Terraform will perform the actions described above.
Only 'yes' will be accepted to approve.
Type bash yes
Once deployed, copy the Azure Web App URL which may be found in the overview section of the portal as we will need it to plug into Azure Search.
We are now ready to plug the Clustering PowerSkill into our ACS pipeline and test it.

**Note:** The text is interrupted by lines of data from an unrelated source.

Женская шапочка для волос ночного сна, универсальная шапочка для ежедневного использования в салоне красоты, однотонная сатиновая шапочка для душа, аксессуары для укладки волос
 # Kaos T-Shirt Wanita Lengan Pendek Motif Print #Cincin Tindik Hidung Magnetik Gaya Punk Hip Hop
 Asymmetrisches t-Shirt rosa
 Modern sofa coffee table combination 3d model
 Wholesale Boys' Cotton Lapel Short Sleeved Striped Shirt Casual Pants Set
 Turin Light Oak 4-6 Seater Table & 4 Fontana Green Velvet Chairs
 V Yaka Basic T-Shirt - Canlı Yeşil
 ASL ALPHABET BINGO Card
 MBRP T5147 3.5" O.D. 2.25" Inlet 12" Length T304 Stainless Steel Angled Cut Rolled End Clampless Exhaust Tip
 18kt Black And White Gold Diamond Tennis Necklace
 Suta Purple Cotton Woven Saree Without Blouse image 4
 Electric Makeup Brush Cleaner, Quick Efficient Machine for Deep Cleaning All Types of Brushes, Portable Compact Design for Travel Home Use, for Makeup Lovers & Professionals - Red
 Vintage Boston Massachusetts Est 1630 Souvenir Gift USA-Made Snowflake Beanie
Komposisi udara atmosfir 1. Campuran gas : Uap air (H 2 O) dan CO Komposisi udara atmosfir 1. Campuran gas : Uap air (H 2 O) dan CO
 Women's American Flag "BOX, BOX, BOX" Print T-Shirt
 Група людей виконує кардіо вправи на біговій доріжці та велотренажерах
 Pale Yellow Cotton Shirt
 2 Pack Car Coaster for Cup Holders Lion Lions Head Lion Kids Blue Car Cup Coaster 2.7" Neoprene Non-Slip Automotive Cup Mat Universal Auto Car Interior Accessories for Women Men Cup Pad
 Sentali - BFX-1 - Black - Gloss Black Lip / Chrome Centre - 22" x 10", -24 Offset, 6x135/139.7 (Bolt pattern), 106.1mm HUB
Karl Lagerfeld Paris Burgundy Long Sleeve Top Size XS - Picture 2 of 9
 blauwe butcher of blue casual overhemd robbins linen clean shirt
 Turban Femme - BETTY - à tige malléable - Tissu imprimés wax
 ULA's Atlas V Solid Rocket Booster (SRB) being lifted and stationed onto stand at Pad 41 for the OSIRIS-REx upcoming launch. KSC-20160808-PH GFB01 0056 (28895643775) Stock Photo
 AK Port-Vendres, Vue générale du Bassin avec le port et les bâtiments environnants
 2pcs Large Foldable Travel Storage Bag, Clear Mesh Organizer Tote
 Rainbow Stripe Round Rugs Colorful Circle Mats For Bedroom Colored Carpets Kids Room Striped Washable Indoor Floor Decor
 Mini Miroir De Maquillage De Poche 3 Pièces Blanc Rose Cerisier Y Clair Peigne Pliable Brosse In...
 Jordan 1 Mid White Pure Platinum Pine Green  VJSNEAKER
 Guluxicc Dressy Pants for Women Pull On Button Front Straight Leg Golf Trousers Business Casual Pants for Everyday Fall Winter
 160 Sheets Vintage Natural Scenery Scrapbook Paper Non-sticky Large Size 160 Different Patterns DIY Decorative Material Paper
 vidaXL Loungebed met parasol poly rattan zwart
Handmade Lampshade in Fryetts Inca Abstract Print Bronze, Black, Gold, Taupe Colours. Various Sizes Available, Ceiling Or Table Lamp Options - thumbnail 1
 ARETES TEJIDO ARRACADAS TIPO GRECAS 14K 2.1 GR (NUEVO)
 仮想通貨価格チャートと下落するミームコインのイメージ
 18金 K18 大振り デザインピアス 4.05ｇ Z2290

Note, you need an already deployed ACS instance in the same region as your cognitive services instance as we want to compare what our clustering provides in addition to the custom vision services. Obviously we want to augment what we can extract using custom vision with our clustering model.
You will need your ACS API Key and the URL for your ACS instance.
Navigate to and execute the deploy PowerSkill to ACS cell to deploy our PowerSkill. Alternatively, populate the the values within the deployment json files files and use Postman.
The first step is to upload the data files to a container in Azure blob storage and get the connection values to create the ACS data source.
- Next create the index by running the create index cell
- Next create the skillset by running the create the skillset
- Next create the indexer by running the create indexer cell
The indexer will automatically run and you should see requests coming in if you look at the Web App logs.
Now we are in a position to search on our cluster labelled data, navigate to the test search cell to search on our clustered images.